While with Continental Airlines I helped many young soldiers on board to Vietnam overcome their fears on the way, and countless traumatized on their return home. It was a time of great uncertainty when commercial airlines were assisting war efforts and witnessed departing B51 departures from Guam and fighter attacks over Saigon. Our own 707 occasionally returned home with bullet holes. We were all fortunate to escape worse.
I left the airlines in 1972 when I became totally immersed in working with IBM systems for the Santa Anita racetrack, and within a couple of years, I became manager of their Data Processing center. That career in both the private and public sector led me from mainframes to distributed processing, then on to PCs, laptops, servers, cell phones and the Internet. Having the opportunity to work and participate in the leading/bleeding edge of technology during the formative years of information systems was an unbelievably exciting ride. At the onset, expansion into our daily lives, as we know it today, could not have been imagined, and looking into the future from that perspective becomes a blur.

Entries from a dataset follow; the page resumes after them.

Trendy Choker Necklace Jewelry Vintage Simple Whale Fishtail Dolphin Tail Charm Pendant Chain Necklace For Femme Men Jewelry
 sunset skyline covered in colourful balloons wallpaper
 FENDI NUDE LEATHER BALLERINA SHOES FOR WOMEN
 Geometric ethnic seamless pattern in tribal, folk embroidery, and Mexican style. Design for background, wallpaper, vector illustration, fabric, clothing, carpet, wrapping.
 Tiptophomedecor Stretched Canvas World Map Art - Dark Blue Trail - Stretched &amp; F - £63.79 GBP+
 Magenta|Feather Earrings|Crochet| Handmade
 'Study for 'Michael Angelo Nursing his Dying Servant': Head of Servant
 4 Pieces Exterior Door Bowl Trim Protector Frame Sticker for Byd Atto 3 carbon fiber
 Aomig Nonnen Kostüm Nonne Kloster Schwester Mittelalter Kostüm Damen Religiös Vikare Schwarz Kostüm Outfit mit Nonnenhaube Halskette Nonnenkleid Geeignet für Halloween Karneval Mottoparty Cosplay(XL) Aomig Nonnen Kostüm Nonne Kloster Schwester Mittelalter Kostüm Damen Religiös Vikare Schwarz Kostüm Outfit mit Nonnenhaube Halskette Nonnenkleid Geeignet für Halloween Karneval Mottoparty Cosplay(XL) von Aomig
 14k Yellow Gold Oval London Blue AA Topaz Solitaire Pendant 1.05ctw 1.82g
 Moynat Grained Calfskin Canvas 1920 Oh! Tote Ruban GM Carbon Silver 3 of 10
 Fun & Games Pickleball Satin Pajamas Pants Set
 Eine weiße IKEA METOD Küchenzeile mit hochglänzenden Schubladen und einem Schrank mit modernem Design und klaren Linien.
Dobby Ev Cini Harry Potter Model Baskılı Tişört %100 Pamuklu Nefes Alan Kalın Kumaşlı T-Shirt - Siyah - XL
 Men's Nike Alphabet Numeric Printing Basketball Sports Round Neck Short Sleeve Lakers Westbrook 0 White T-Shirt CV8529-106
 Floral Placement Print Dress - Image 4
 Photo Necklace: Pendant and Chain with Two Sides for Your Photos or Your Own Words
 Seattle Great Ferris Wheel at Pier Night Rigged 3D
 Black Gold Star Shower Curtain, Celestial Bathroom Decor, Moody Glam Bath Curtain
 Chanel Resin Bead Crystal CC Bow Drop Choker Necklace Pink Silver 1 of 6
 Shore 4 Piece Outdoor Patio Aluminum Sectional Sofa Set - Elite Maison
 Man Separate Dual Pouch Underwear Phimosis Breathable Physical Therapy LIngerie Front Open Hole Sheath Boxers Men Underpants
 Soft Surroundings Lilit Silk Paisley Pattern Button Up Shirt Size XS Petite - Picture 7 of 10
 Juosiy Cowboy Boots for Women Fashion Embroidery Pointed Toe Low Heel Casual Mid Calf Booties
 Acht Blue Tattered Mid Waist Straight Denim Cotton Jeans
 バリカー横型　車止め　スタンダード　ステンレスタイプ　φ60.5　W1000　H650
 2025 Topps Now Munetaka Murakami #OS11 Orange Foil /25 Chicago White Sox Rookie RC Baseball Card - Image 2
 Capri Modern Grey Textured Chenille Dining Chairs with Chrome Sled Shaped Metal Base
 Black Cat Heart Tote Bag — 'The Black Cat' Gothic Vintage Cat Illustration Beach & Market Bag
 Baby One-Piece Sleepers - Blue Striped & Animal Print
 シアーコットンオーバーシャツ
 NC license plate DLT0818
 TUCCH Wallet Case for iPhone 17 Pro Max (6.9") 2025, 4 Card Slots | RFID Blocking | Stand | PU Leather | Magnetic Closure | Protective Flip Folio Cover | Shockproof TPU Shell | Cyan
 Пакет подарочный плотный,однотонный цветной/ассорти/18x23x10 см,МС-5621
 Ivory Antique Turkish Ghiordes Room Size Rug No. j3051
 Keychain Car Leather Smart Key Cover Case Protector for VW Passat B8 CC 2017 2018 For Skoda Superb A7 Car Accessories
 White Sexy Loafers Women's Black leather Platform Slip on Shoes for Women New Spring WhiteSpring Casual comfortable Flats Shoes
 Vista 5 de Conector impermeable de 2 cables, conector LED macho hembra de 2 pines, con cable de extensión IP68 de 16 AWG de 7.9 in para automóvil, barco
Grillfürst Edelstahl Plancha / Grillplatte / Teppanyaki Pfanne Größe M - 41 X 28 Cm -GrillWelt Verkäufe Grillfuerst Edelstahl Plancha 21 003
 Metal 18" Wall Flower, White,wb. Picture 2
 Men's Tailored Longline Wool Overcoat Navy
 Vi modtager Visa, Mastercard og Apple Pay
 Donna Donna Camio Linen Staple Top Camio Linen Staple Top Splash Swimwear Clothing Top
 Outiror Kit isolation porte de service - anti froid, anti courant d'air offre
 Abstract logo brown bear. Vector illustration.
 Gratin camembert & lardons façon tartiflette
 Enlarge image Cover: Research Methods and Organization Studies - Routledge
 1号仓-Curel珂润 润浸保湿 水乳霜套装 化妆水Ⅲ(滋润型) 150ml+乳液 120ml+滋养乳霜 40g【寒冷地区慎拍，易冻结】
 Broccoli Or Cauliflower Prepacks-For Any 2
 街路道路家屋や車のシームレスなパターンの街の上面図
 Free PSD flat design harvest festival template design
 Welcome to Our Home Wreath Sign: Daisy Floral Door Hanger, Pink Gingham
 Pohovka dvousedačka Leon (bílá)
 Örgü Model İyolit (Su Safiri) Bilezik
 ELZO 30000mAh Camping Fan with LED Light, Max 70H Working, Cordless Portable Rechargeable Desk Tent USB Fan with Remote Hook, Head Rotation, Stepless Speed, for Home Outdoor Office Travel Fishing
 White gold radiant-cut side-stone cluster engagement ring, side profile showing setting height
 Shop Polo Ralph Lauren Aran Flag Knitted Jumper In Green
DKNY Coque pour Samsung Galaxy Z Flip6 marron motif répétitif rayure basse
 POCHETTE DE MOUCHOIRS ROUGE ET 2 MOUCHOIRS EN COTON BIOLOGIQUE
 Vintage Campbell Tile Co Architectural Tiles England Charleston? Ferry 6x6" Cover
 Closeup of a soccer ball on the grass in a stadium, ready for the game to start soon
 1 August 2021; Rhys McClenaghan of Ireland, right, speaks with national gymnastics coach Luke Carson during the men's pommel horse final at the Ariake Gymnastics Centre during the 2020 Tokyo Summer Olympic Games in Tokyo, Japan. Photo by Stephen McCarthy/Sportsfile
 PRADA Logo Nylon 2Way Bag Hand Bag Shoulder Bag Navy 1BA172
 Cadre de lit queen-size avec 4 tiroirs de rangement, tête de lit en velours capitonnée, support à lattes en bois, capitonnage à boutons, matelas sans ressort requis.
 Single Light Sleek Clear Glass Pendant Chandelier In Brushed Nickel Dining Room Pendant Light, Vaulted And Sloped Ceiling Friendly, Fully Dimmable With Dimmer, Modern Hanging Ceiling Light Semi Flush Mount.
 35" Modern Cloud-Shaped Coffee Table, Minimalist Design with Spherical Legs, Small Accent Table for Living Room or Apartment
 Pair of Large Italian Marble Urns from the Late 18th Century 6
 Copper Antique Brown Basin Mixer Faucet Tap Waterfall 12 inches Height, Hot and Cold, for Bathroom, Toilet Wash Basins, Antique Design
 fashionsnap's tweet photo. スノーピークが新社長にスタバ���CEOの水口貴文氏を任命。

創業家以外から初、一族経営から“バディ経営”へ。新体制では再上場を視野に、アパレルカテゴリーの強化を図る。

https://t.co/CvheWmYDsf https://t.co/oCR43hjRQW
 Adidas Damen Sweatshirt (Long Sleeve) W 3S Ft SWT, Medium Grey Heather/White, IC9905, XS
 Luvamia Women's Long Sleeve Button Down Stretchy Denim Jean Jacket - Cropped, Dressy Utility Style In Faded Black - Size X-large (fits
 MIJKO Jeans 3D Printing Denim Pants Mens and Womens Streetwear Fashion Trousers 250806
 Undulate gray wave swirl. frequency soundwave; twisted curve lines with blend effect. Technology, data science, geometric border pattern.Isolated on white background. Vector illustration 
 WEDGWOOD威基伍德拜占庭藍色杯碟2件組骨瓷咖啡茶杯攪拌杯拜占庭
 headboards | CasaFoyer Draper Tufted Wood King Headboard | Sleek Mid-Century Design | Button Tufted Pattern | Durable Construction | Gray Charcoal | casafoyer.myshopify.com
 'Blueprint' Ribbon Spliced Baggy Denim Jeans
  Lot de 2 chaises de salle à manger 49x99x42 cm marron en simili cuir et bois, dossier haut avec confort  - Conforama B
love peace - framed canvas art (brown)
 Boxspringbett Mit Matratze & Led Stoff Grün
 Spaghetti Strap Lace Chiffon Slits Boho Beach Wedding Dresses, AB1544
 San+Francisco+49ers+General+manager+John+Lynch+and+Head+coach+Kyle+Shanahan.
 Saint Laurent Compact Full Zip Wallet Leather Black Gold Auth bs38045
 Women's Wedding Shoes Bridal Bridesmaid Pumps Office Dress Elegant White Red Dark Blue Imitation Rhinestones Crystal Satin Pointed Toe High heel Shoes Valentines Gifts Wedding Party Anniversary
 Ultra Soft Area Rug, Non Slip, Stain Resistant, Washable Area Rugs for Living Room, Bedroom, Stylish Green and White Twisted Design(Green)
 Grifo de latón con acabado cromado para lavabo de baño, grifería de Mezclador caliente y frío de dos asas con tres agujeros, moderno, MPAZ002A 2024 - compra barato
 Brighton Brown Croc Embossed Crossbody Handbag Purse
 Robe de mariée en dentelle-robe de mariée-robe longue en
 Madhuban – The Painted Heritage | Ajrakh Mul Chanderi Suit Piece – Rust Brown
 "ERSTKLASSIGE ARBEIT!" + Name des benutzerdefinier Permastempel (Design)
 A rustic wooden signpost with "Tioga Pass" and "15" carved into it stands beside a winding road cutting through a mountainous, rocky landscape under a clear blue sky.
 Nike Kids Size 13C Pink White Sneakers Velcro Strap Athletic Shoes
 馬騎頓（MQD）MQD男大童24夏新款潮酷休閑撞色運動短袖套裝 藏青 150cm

Is there any particular recognition that meant a great deal to you?
I feel compelled to help whenever I am able to, and actually prefer to work more in quiet ways than out in front. However, I really did appreciate the honor of receiving the Council’s Community Service Award in 2008. The Council chair, Richard Cohen, wrote that “Haldis has been tremendously productive in her service to the Council. Often working behind the scenes, she has organized our Citizen of the Year events, worked tirelessly with the by-laws committee and produced our Pacific Palisades Community and Area Representative map. She has devoted endless hours for the betterment of our community and is truly a community treasure.”
I am very proud to have been named “Pioneer Woman of the Year” by our late Councilmember, Bill Rosendahl the role in shaping the Pacific Palisades community and work as a public servant for the City of Los Angeles. I felt a lot of humility especially when I read about the other (Pioneer) awards from last year. These are wonderful women who have done a lot for our community to encourage other women to participate. The award is presented to extraordinary individuals whose lifelong work has advanced the status of women and girls in the city.